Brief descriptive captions
>>>
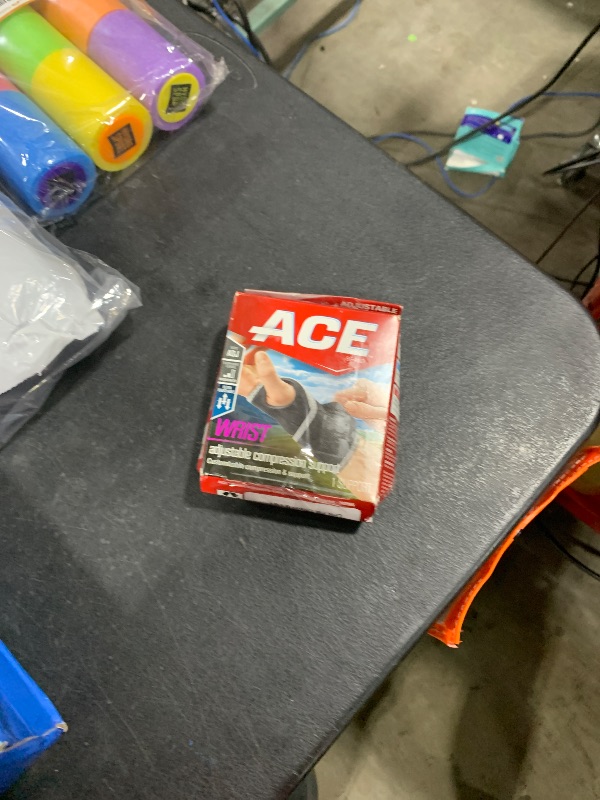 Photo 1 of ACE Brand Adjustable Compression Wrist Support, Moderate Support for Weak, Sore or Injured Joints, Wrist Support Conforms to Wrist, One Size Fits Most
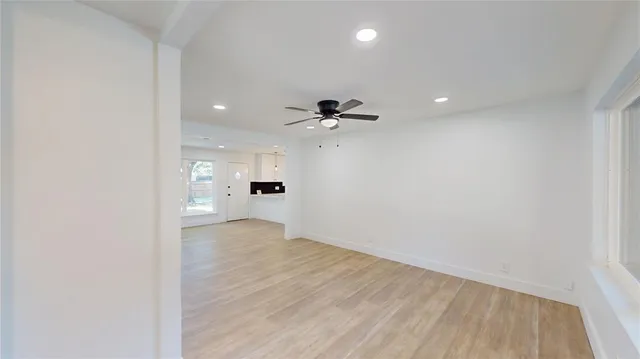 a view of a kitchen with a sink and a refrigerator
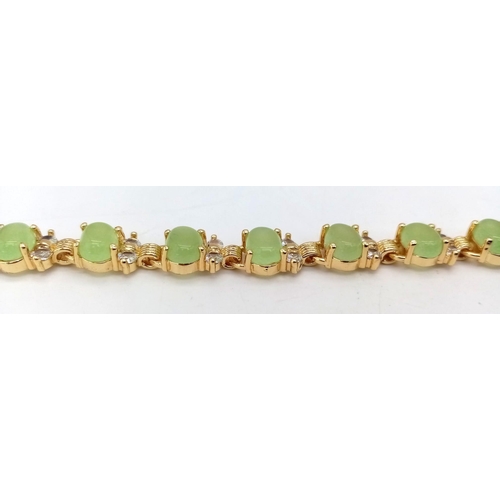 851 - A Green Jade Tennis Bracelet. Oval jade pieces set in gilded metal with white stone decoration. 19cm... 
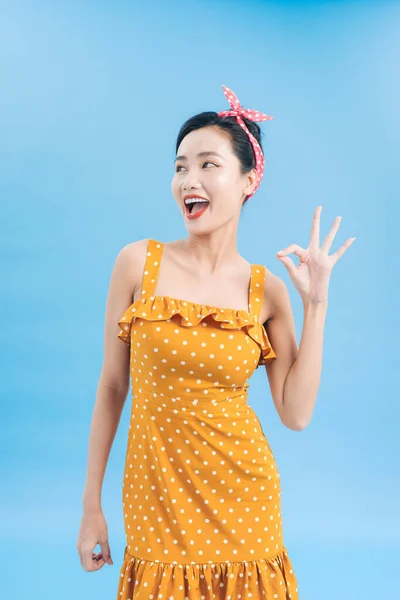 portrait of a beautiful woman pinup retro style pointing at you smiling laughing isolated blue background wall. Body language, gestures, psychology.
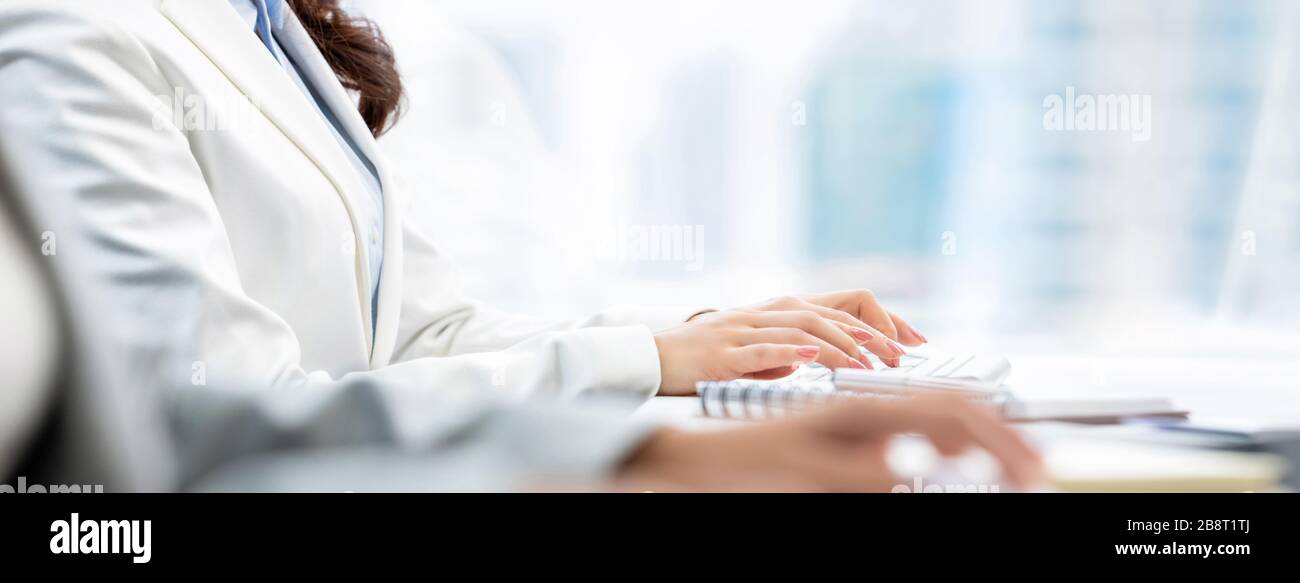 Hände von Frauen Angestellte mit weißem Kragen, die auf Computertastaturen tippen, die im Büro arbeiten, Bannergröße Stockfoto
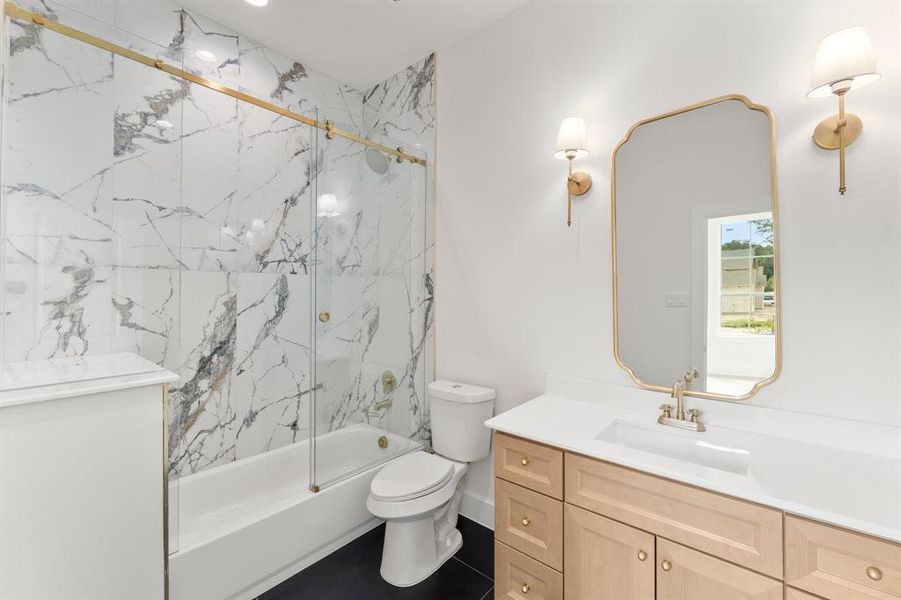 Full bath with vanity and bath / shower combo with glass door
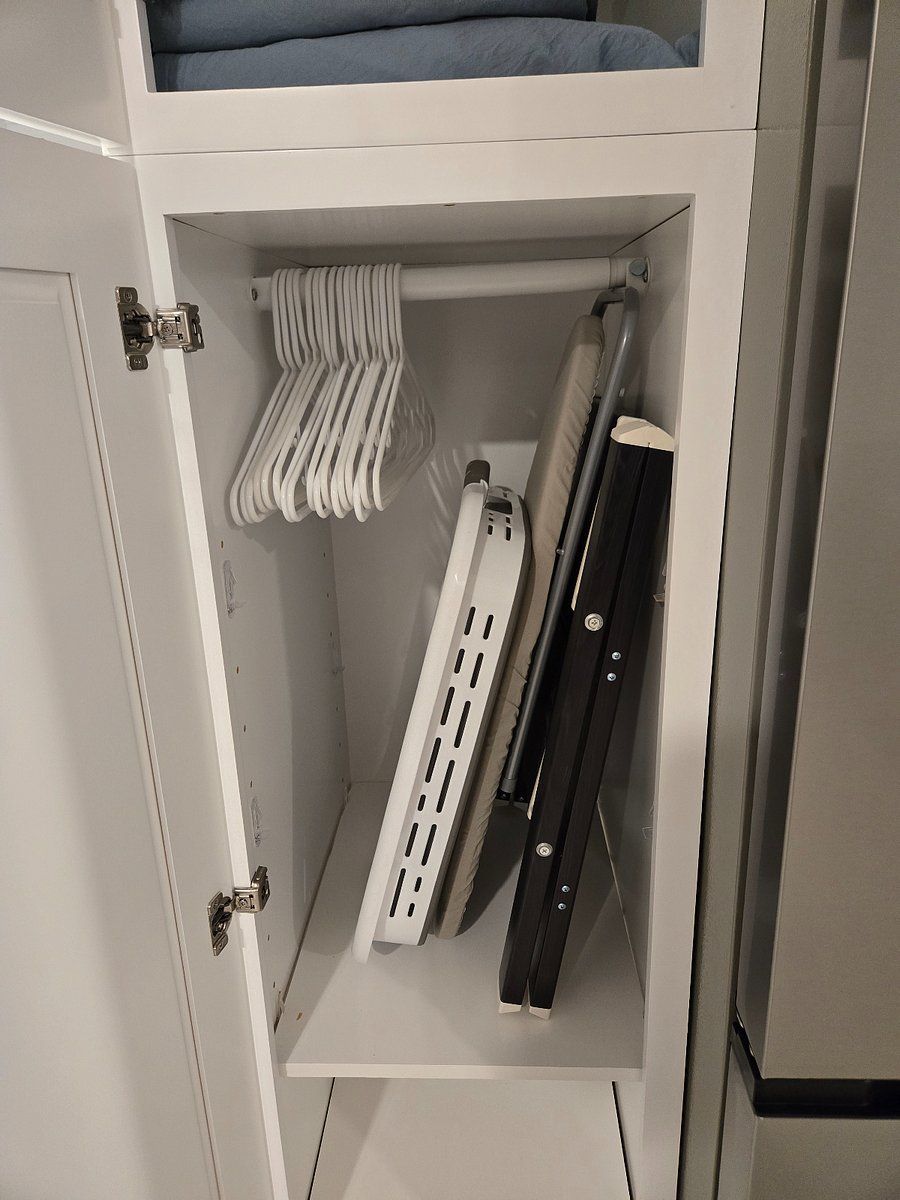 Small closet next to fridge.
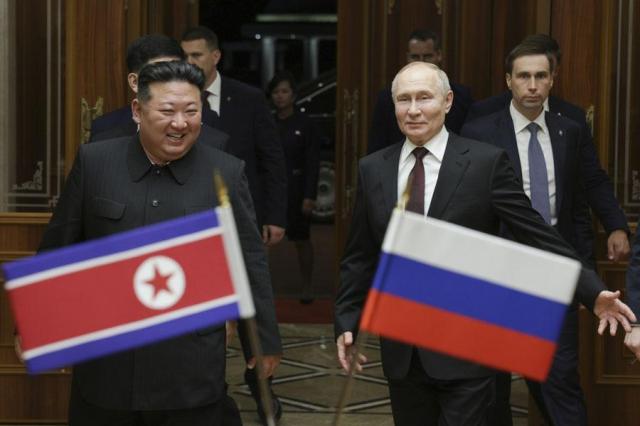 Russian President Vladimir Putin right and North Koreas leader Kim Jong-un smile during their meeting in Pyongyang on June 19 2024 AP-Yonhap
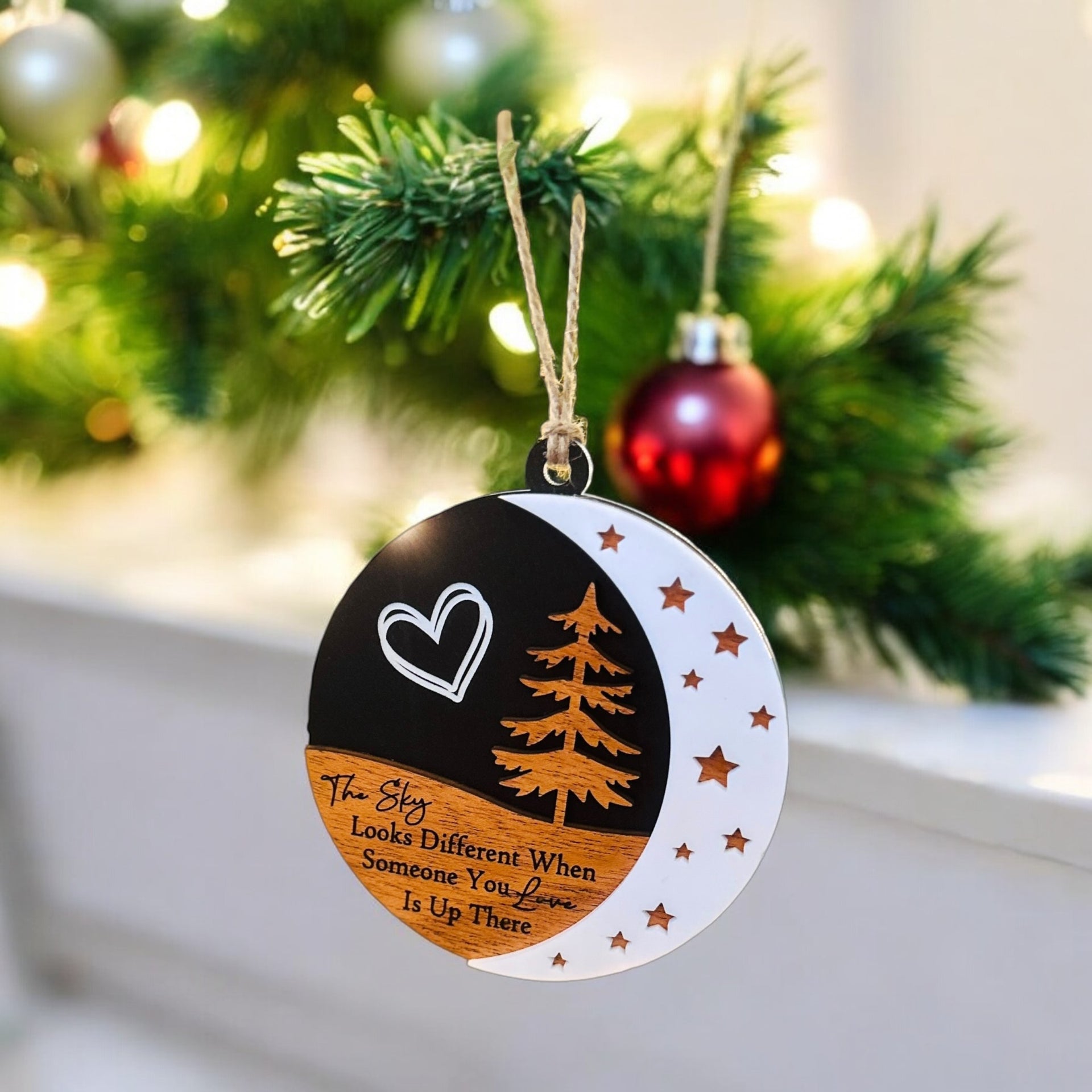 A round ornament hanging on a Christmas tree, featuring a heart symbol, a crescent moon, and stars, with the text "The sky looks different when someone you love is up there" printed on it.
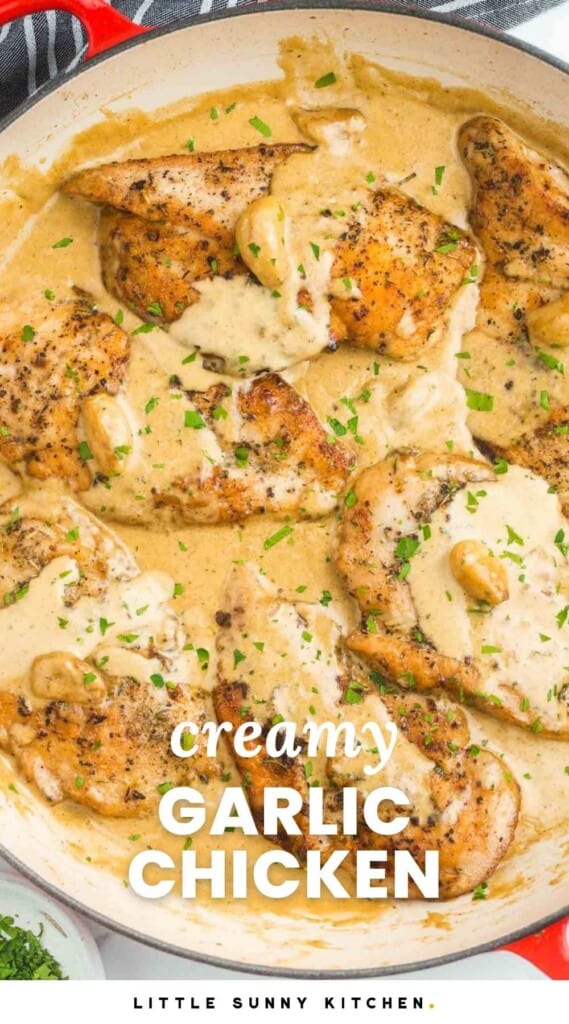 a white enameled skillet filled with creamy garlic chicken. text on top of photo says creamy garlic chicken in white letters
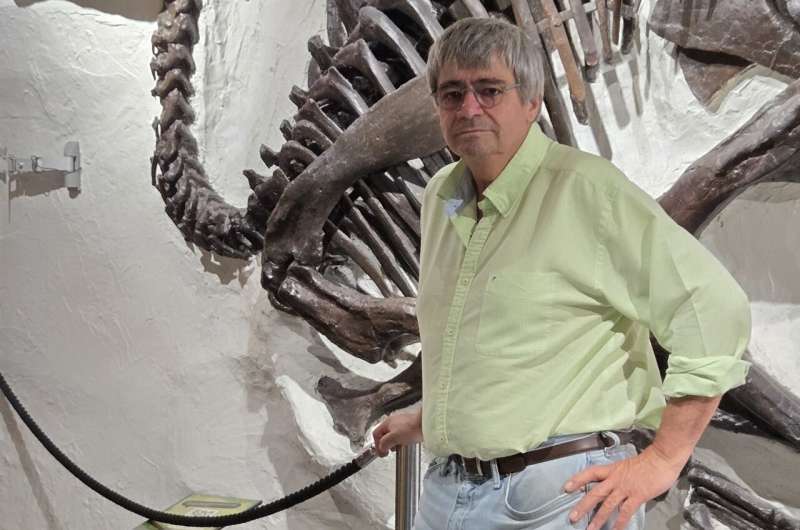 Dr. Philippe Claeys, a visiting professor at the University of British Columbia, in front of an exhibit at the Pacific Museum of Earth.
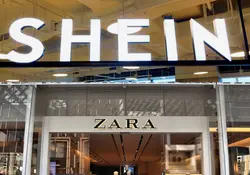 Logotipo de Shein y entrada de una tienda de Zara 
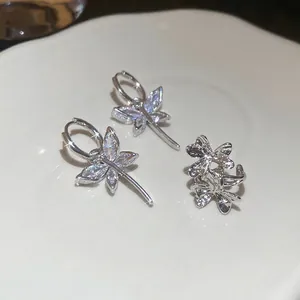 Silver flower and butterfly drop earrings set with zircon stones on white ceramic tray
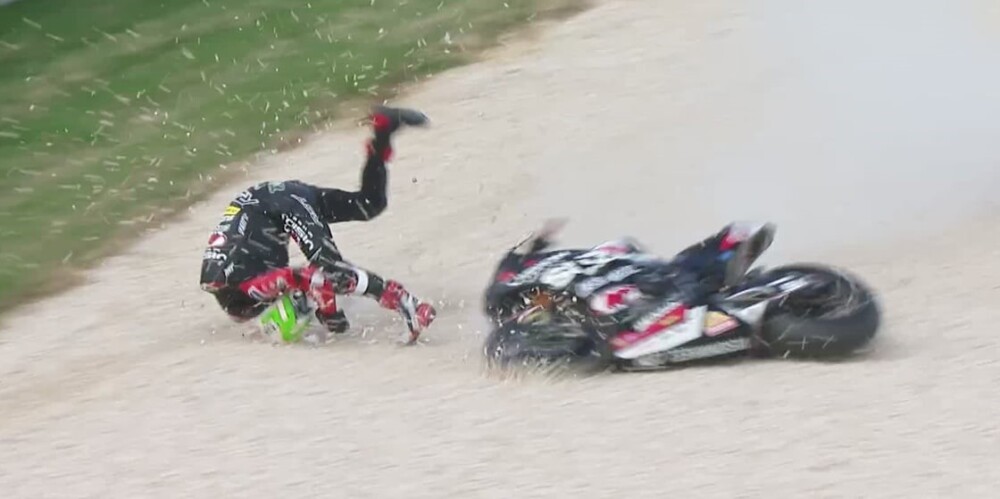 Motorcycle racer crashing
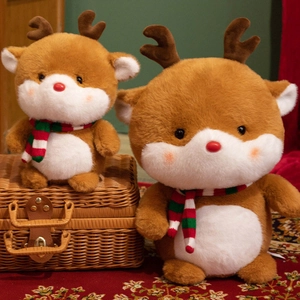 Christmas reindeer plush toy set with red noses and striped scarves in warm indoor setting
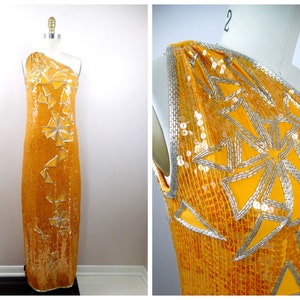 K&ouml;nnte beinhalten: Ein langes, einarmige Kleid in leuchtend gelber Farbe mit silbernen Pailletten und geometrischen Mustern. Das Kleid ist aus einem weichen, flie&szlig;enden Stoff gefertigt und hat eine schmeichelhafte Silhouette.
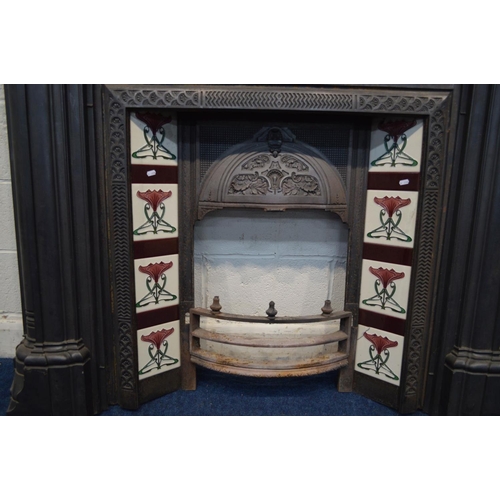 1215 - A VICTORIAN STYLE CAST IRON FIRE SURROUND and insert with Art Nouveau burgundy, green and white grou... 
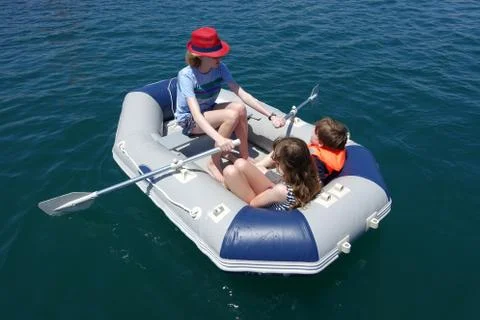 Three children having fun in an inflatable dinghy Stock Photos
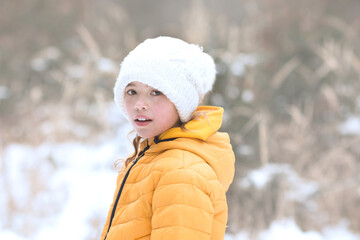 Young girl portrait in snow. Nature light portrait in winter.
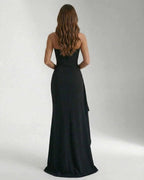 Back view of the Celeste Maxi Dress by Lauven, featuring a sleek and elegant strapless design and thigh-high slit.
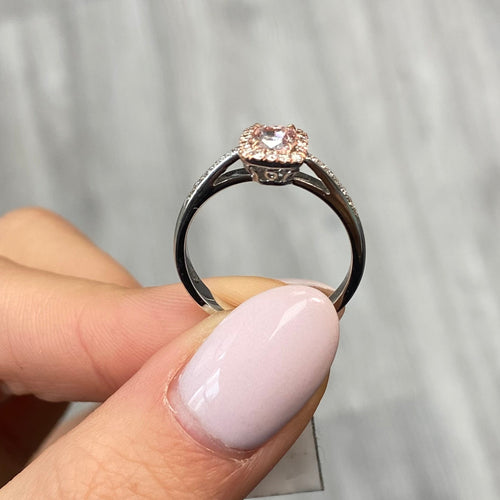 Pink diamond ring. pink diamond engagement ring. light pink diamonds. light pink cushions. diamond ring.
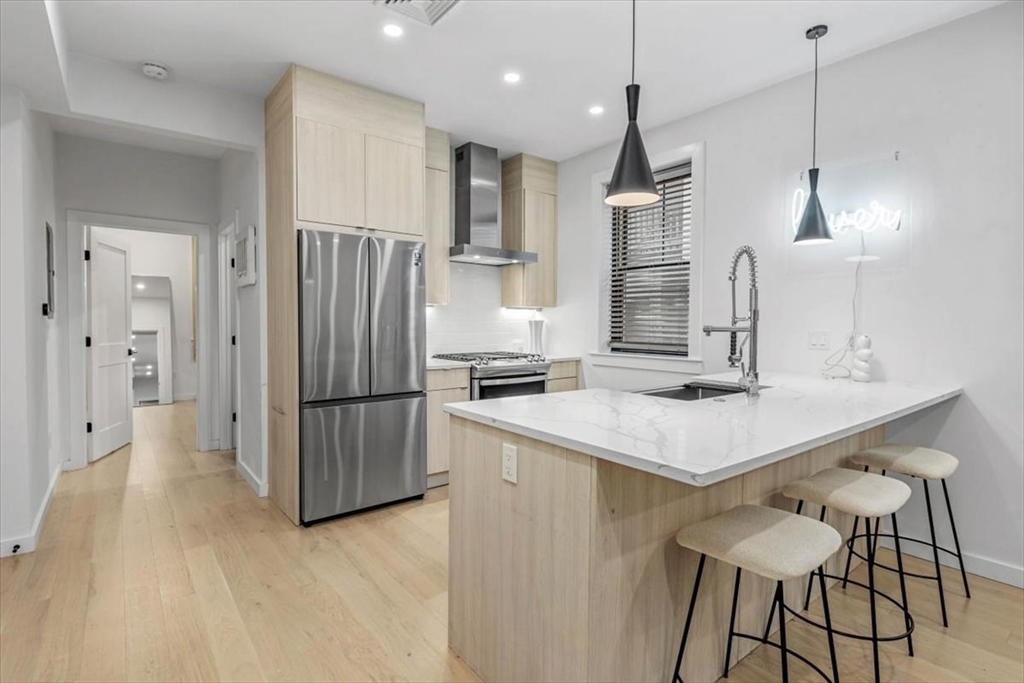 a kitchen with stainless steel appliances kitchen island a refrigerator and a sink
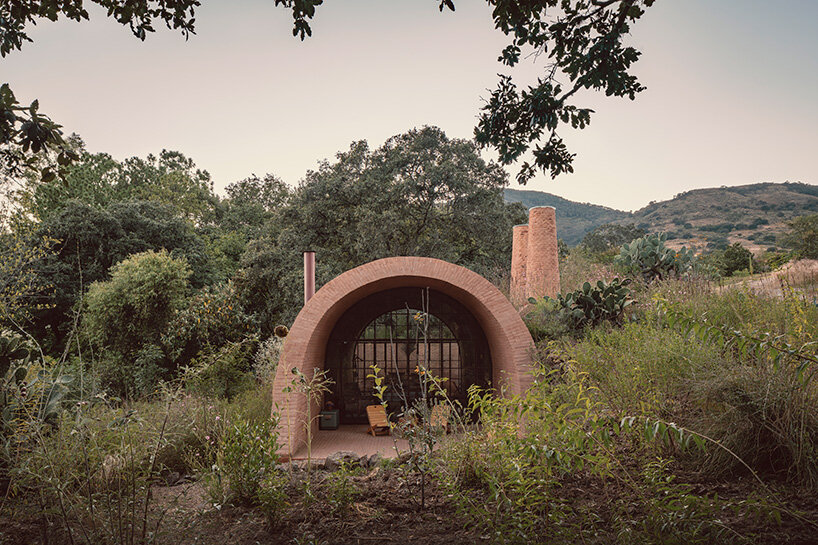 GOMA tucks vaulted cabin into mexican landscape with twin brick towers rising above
<<<
> **PROBLEM TO SOLVE**: Please, without any pictures, retype the records exactly as they appear.

> **ANSWER SPACE**:
 Photo 1 of ACE Brand Adjustable Compression Wrist Support, Moderate Support for Weak, Sore or Injured Joints, Wrist Support Conforms to Wrist, One Size Fits Most
 a view of a kitchen with a sink and a refrigerator
 851 - A Green Jade Tennis Bracelet. Oval jade pieces set in gilded metal with white stone decoration. 19cm... 
 portrait of a beautiful woman pinup retro style pointing at you smiling laughing isolated blue background wall. Body language, gestures, psychology.
 Hände von Frauen Angestellte mit weißem Kragen, die auf Computertastaturen tippen, die im Büro arbeiten, Bannergröße Stockfoto
 Full bath with vanity and bath / shower combo with glass door
 Small closet next to fridge.
 Russian President Vladimir Putin right and North Koreas leader Kim Jong-un smile during their meeting in Pyongyang on June 19 2024 AP-Yonhap
 A round ornament hanging on a Christmas tree, featuring a heart symbol, a crescent moon, and stars, with the text "The sky looks different when someone you love is up there" printed on it.
 a white enameled skillet filled with creamy garlic chicken. text on top of photo says creamy garlic chicken in white letters
 Dr. Philippe Claeys, a visiting professor at the University of British Columbia, in front of an exhibit at the Pacific Museum of Earth.
 Logotipo de Shein y entrada de una tienda de Zara 
 Silver flower and butterfly drop earrings set with zircon stones on white ceramic tray
 Motorcycle racer crashing
 Christmas reindeer plush toy set with red noses and striped scarves in warm indoor setting
 K&ouml;nnte beinhalten: Ein langes, einarmige Kleid in leuchtend gelber Farbe mit silbernen Pailletten und geometrischen Mustern. Das Kleid ist aus einem weichen, flie&szlig;enden Stoff gefertigt und hat eine schmeichelhafte Silhouette.
 1215 - A VICTORIAN STYLE CAST IRON FIRE SURROUND and insert with Art Nouveau burgundy, green and white grou... 
 Three children having fun in an inflatable dinghy Stock Photos
 Young girl portrait in snow. Nature light portrait in winter.
 Back view of the Celeste Maxi Dress by Lauven, featuring a sleek and elegant strapless design and thigh-high slit.
 Pink diamond ring. pink diamond engagement ring. light pink diamonds. light pink cushions. diamond ring.
 a kitchen with stainless steel appliances kitchen island a refrigerator and a sink
 GOMA tucks vaulted cabin into mexican landscape with twin brick towers rising above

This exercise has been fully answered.